* _PROBLEM TO WORK ON_: Lines from the one with "Wallpaper Mural An" up to and including the one with "Factory Price White" are to be copied exactly from the records below, without their pictures.

*** RECORDS SHOWN ***

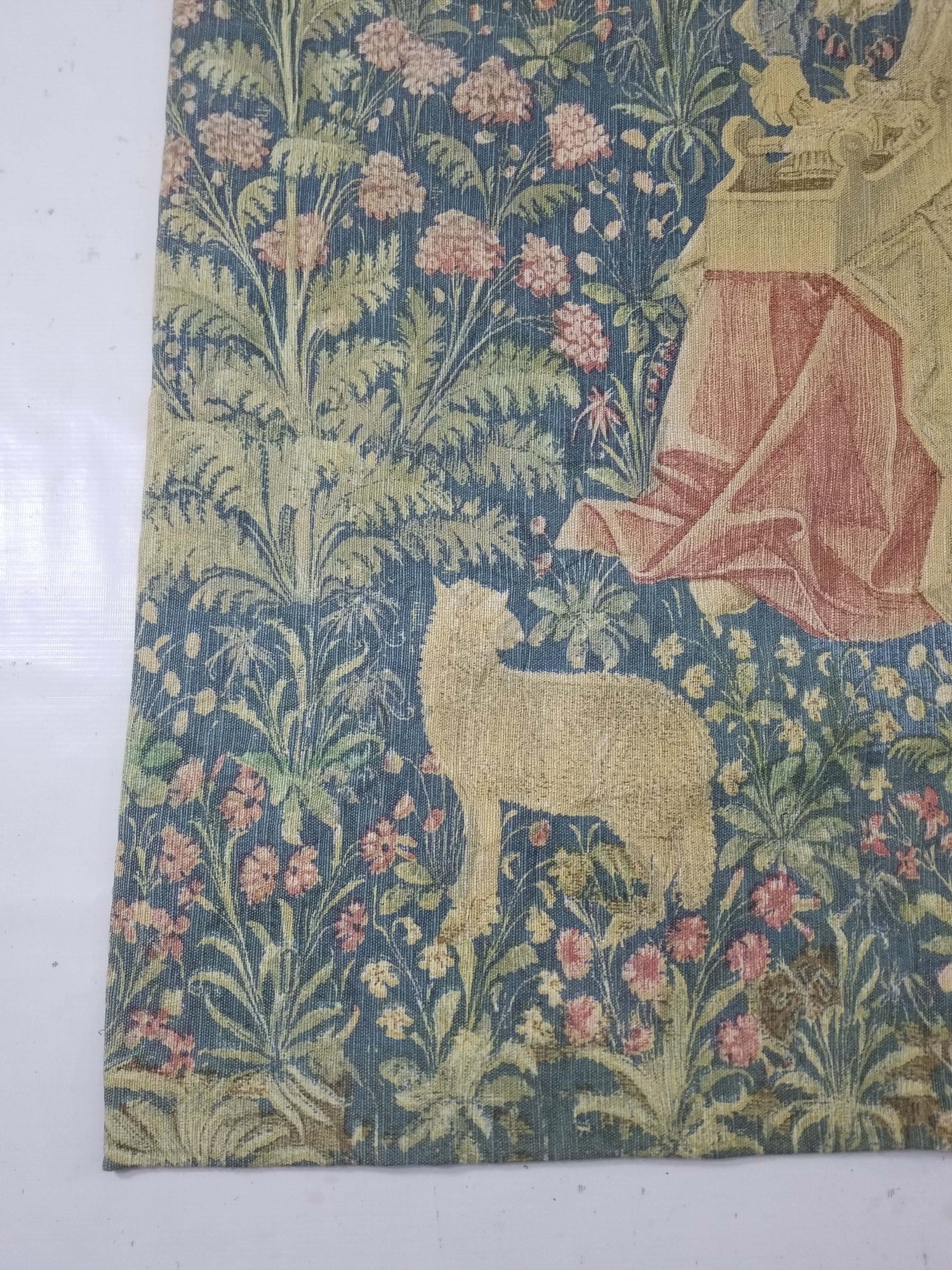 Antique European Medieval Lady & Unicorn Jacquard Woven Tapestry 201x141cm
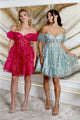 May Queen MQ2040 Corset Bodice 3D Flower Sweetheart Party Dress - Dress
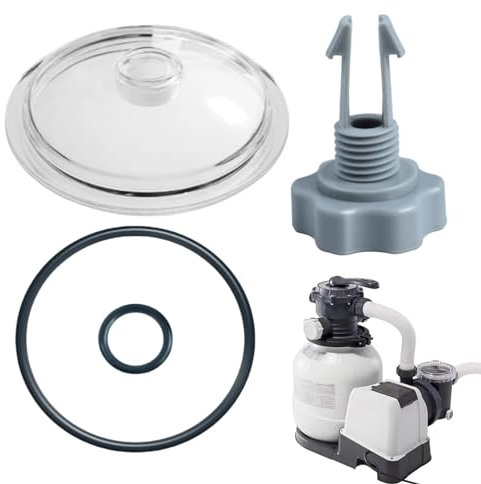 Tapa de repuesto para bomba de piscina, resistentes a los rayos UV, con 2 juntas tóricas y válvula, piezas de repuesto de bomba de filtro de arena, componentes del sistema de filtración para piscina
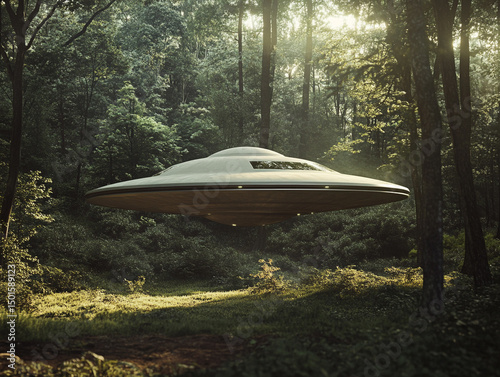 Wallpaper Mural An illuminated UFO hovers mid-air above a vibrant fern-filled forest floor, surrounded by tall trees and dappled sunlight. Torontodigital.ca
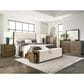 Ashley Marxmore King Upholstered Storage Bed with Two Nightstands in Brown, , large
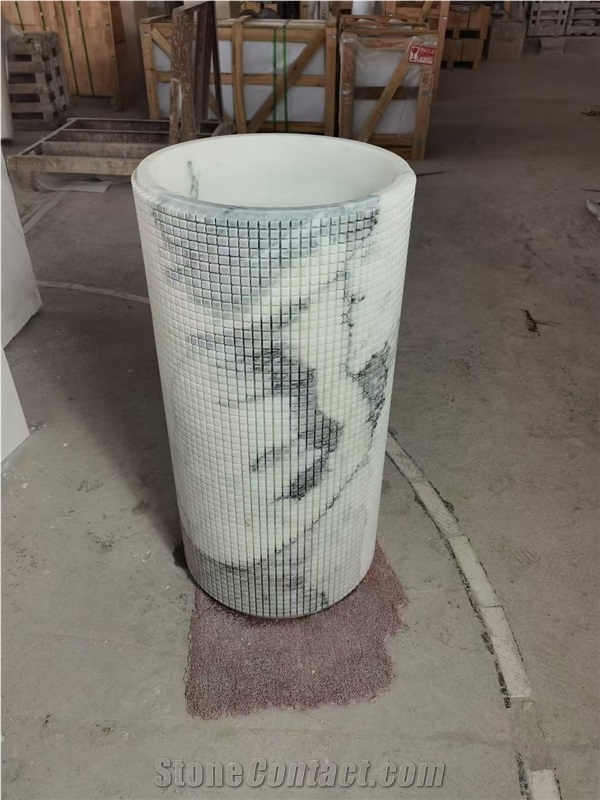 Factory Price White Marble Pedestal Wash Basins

***
*** RECORDS SHOWN ***

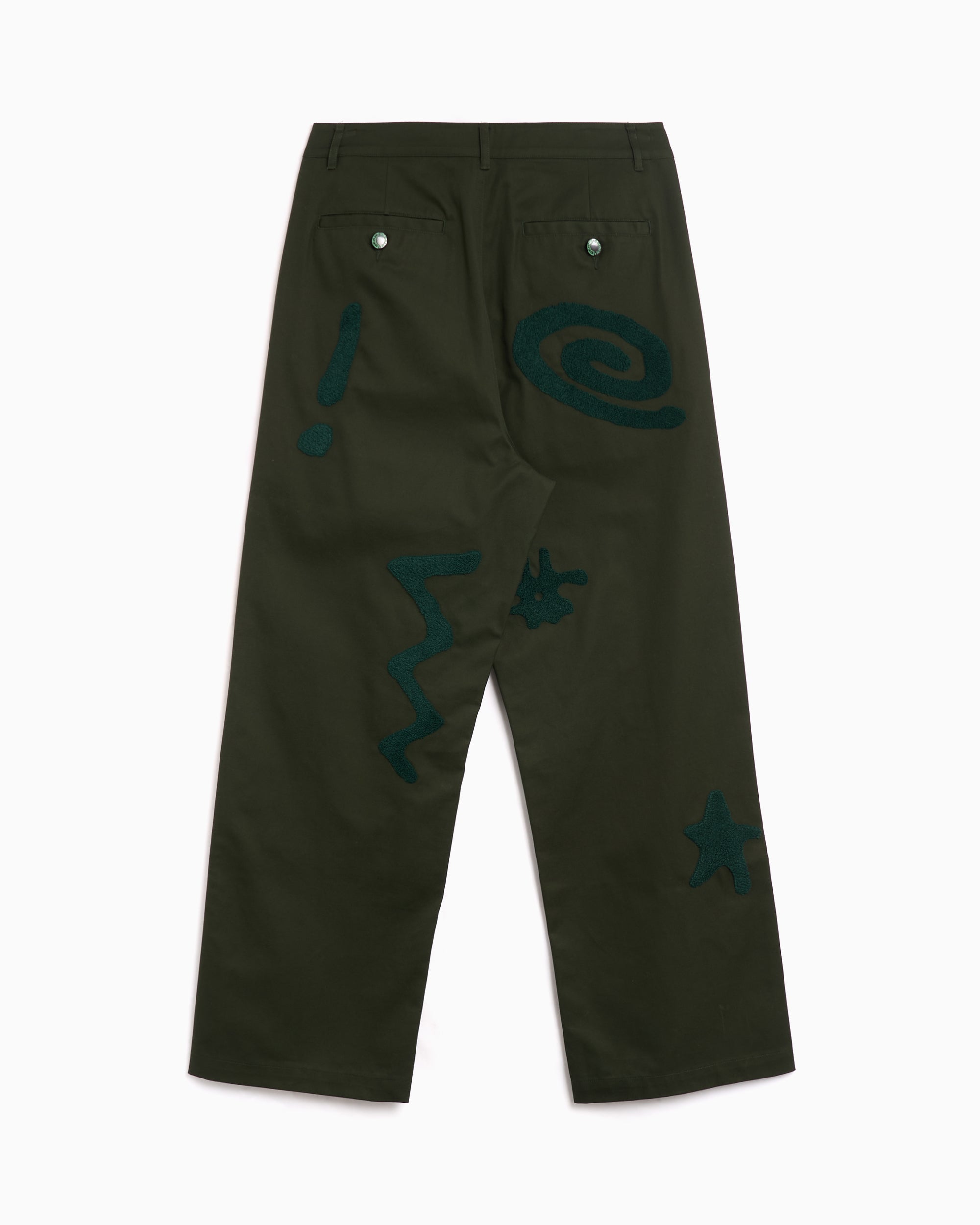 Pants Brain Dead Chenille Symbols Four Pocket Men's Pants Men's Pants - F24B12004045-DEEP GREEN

***

* _ANSWER SECTION_:
 Wallpaper Mural An illuminated UFO hovers mid-air above a vibrant fern-filled forest floor, surrounded by tall trees and dappled sunlight. Torontodigital.ca
 Ashley Marxmore King Upholstered Storage Bed with Two Nightstands in Brown, , large
 Factory Price White Marble Pedestal Wash Basins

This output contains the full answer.